More than half of all Taser shots discharged by UK police target the chest of the arrestee, despite warnings that this could lead to “serious complications” involving the heart. Last week, a UK man died after being tasered, due to a “medical episode.”
Through a Freedom of Information (FOI) request, the Guardian newspaper was able to obtain statistics on the use of the electroshock weapon dating back to 2009, from 18 of UK’s 45 police authorities.
The data revealed that out of 906 total charges unleashed, 518 were aimed at the chest. This constitutes 57 per cent of total uses.
It also directly contradicts advice given by the electroshock weapon’s manufacturer.
"When possible, avoid targeting the frontal chest area near the heart to reduce the risk of potential serious injury or death,” says the Taser International training manual.
"Serious complications could also arise in those with impaired heart function or in those with an implanted cardiac pacemaker or defibrillator."
Unlike a stun gun, which shocks on impact, tasers fire two electrodes from a distance that lodge themselves in the skin. The damage is done by an electric impulse that upsets the rhythm of the heart, or limits the function of their implanted pacemaker.

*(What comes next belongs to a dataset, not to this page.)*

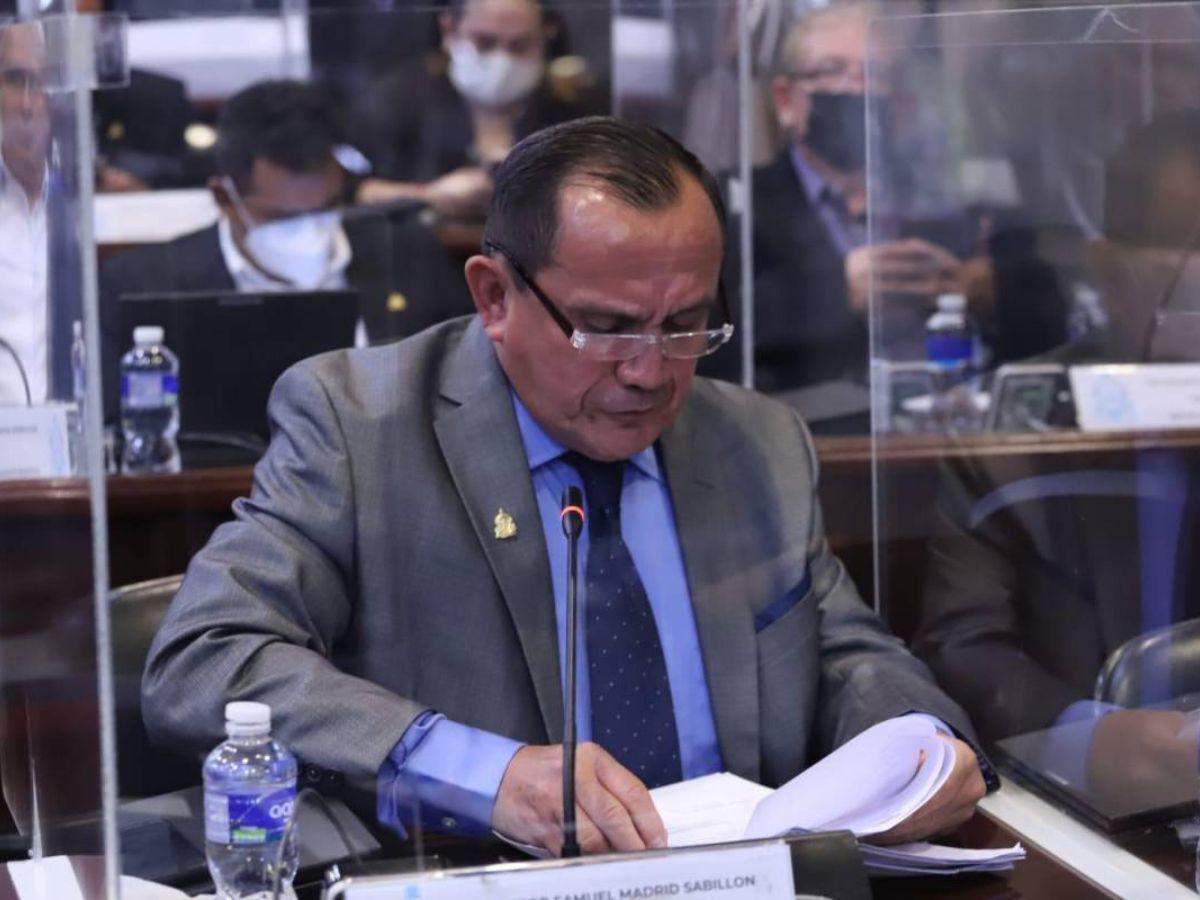 Presentan iniciativa de ley para prohibir narcoseries en Honduras: “Estimulan el consumo de droga”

Instead, the preferred aim area to stun, but not injure, the
suspect is the back.
Last Wednesday, police broke into the house of 23-year-old ice cream factory worker Jordan Begley and tasered him in his front room. Begley was reportedly having a heated argument with a neighbor, during which he may have been in possession of a knife.

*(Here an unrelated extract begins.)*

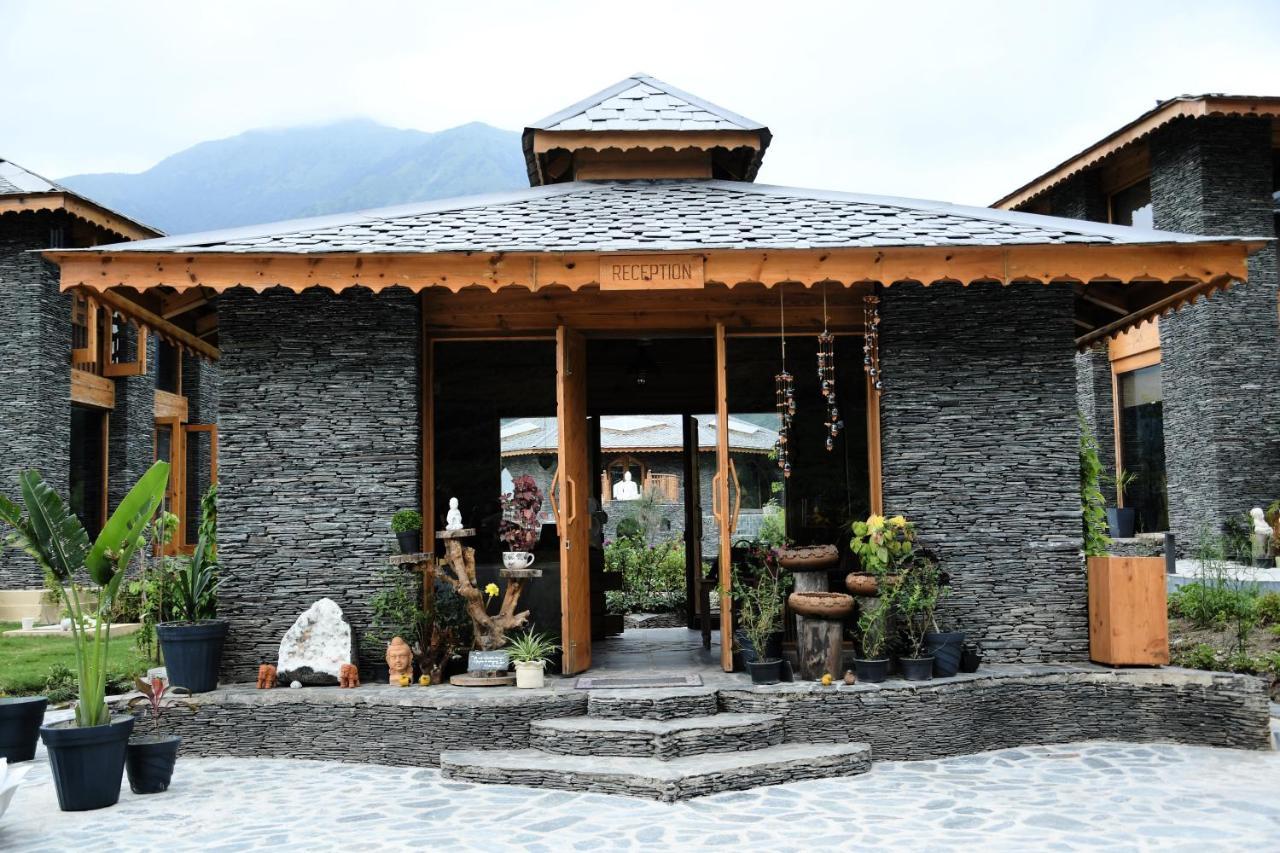 Osho Himalayas Wellness Resort Кангра Экстерьер фото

He collapsed and died within minutes, in what the police themselves described as a “medical episode” – suspected to be a heart attack.
Begley was recently diagnosed with a cardiac disorder. A
post-mortem examining the cause of death has proved
Begley became the tenth person in the UK to die after being stunned by a Taser since the weapons were taken up by the police force in 2004. However, many died from other injuries, and no deaths have been linked beyond doubt to the electric charge itself.
Police say they were informed after an internal investigation that the risk of medical repercussions from Taser use is “very low,” claiming there is little need or practical possibility of "adjusting our point of aim.”
"When you've got a violent assailant who is facing you, coming towards you and you have to make a split second decision whether to use Taser or not, the chances are that clearly you're going to aim for the torso and it may well be that one or both of the barbs will attach within the chest area,” said Simon Chesterman, deputy chief constable of West Mercia police and UK police lead expert on Taser use.
An earlier FOI request showed that Taser use rose by 66 per cent in 2010, with more than 1,300 uses. The data was gathered from the latest available UK figures, published in March 2011. Since then, Tasers have been issued to an increasing number of police authorities in a bid to reduce the risk to on-duty officers.